One speaker, Ashley Daniels, accused Hartmann of being racist by not calling on people with “ethnic names” to provide comments. “They’re not that hard,” she said. “You’re racist, and you do not like women,” she added.
At the end of the public comment period, a Zoom live video that allowed the public to watch and participate in the meeting was mistakenly muted and cut off from showing the board for six minutes, 57 seconds. When the board returned, the members explained that they had unanimously voted to certify the election, although they demanded that Michigan Secretary of State Jocelyn Benson’s office conduct a “comprehensive audit” of the results in the out-of-balance precincts.
“Did we have it muted for the whole thing?” Palmer asked when the stream returned.
“I think it was,” Hartmann responded.
“Oh, no,” Palmer said, collapsing her head into her hands.
They offered no explanation for their changed position at the time.
Attempts by the Washington Examiner to reach Hartmann Wednesday were unsuccessful.
Palmer previously came under fire for her involvement with a nonprofit activist political group called Taxpayers for Grosse Point Schools, which supported candidates in the community’s school board election. A complaint being investigated by the Wayne County Board of Ethics argues that her involvement with the board is “incompatible with her public office.”
Social media posts from Hartmann that portrayed former President Barack Obama as a pirate and falsely portrayed him as tied to Islamist terrorism also came under scrutiny on Tuesday.

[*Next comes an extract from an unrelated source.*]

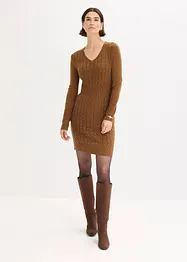 Abito in maglia a trecce, bonprix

Wayne County has been the center of most of the lawsuits and allegations of election fraud that the Trump campaign and Republicans in the state have levied. The Trump team’s federal lawsuit includes dozens of sworn affidavits from GOP poll challengers who claim to have witnessed electoral malfeasance, in particular at the TCF Center in Detroit, where absentee ballots were tabulated. Some claim they endured harassment and “intimidation” from poll workers.